◆ **Information provided**
---

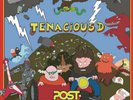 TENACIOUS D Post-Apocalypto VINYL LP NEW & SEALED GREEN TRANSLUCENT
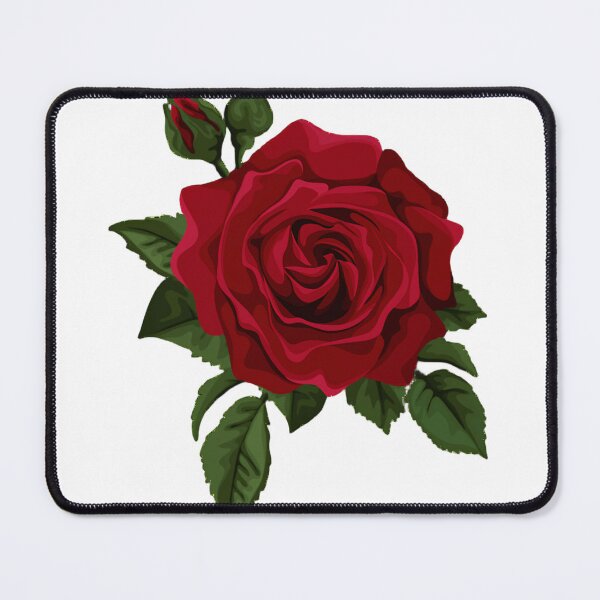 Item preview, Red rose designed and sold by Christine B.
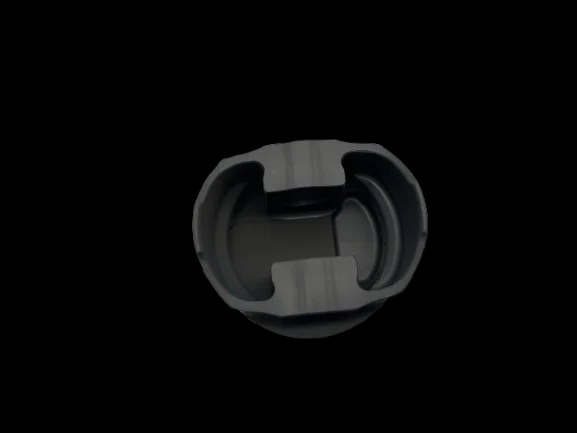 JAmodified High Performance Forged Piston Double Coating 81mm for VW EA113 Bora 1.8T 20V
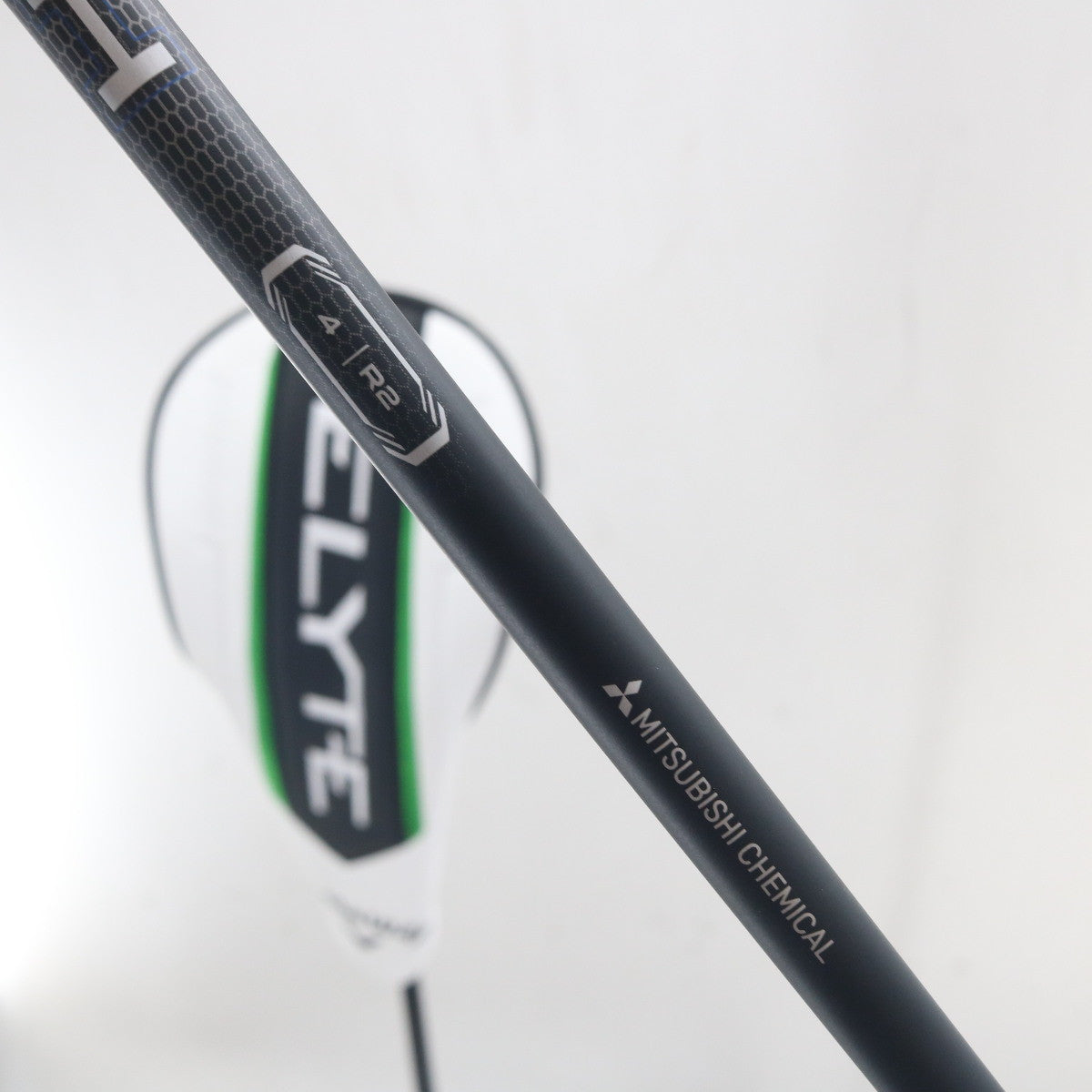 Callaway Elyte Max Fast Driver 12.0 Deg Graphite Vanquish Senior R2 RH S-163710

---

◆ **What you are asked to do**
Apart from the pictures, all of the data must be duplicated exactly as shown above.

◆ **Answer space**
 TENACIOUS D Post-Apocalypto VINYL LP NEW & SEALED GREEN TRANSLUCENT
 Item preview, Red rose designed and sold by Christine B.
 JAmodified High Performance Forged Piston Double Coating 81mm for VW EA113 Bora 1.8T 20V
 Callaway Elyte Max Fast Driver 12.0 Deg Graphite Vanquish Senior R2 RH S-163710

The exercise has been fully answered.